Homebrewers Association | AHA Forum

General Category => Ingredients => Topic started by: yso191 on May 18, 2014, 03:08:13 pm

Title: Grain tea
Post by: yso191 on May 18, 2014, 03:08:13 pm
A few of us here in Yakima recently started a BJCP class which meets at my house.  I've just concluded that I want to incorporate a new element to get more familiar with the specific flavors that different malts and grains contribute to beer.  In a recent exchange with Denny, he suggested making teas out of the various malts in order to taste & evaluate them.

So here is what I'm thinking:

Logical groupings: (each grouping at a different meeting)
   *Base malt comparison
   *Crystal Malt comparison
   *Roast malt comparison
OK you get the idea...  What are some other logical groupings?

I have some questions for you all though.
   -What is the best grain to water ratio for grain tea?
   -What is the best temperature for steeping?
   -How fresh does the tea have to be?  If I did it at noon and the meeting was at 7:00 would that be a problem?

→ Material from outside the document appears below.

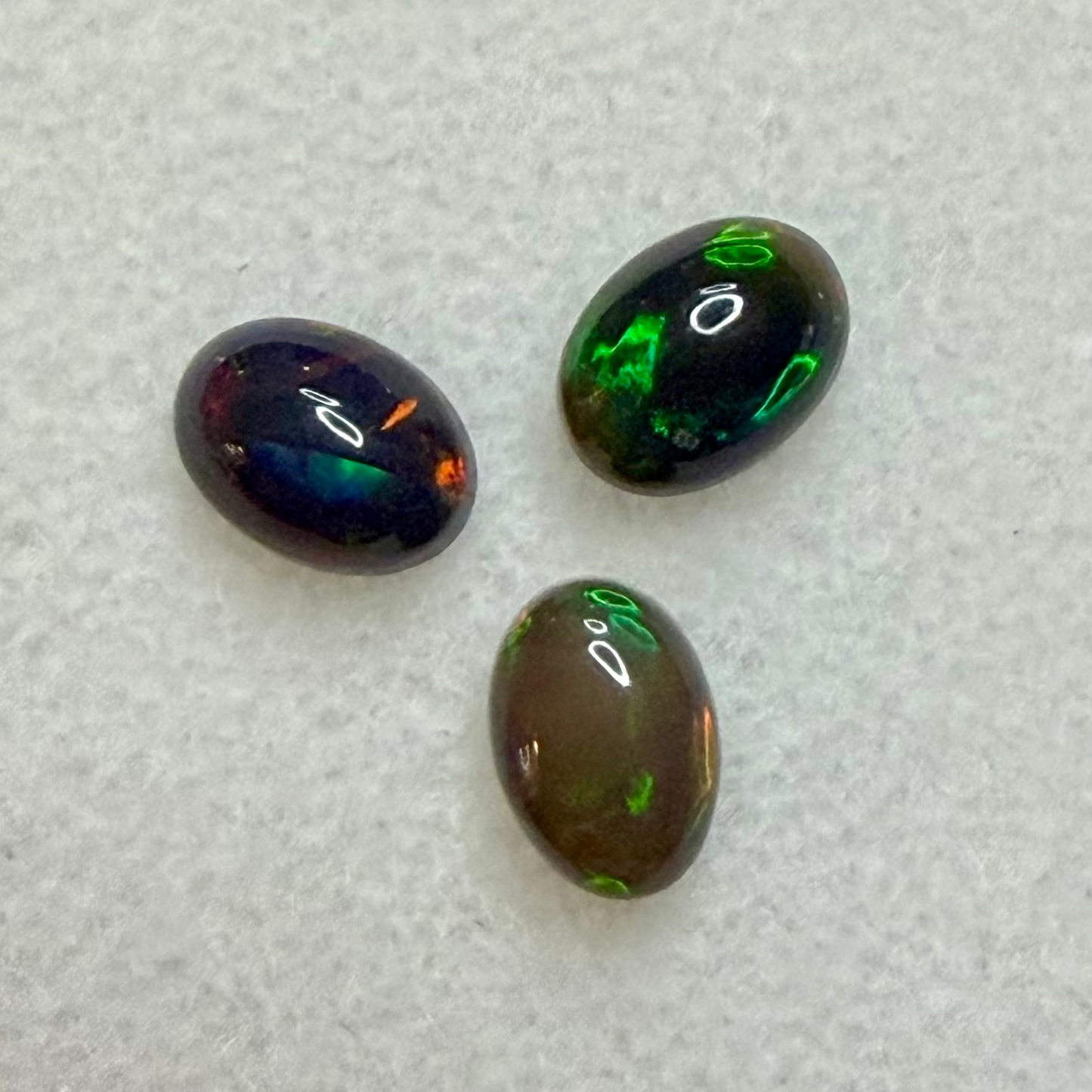 Ethiopian Black Opal Cabochon, 7x5 Oval Cut, Ave Carat Wt .55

I'm also not sure how to best organize a tasting form.  It seems to me that consistently asking the same right questions on an evaluation form (kind of like the BJCP Score Sheet) would be helpful for the process and remembering afterward.
Title: Re: Grain tea
Post by: denny on May 18, 2014, 03:18:48 pm
Steve, look through the archives for my May/June 2012 Zymurgy article "Recipe Formulation: A Road Map to a Tasty Beer".  I address that exact subject.  Making the tea a few hours in advance shouldn't be a problem, although I think I'd keep it refrigerated.
Title: Re: Grain tea
Post by: yso191 on May 18, 2014, 03:21:28 pm
Perfect!  Thanks Denny.
Title: Re: Grain tea
Post by: erockrph on May 18, 2014, 10:18:53 pm
What I've done in the past to evaluate certain specialty grains was to buzz them in a coffee grinder, then run them through my Keurig in one of those "fill your own" type empty K-cups. I used the resulting "grain coffee" and a syringe to dose a relatively neutral beer for tasting.

This worked quite well with dark roasted grains (roast barley, chocolate malt, etc.), and I suspect it would work serviceably well with other grains that make a noticeable impact in small amounts (crystal malt, aromatic/melanoiden, honey malt, etc.). I'm not sure how well this would work for base malts, though.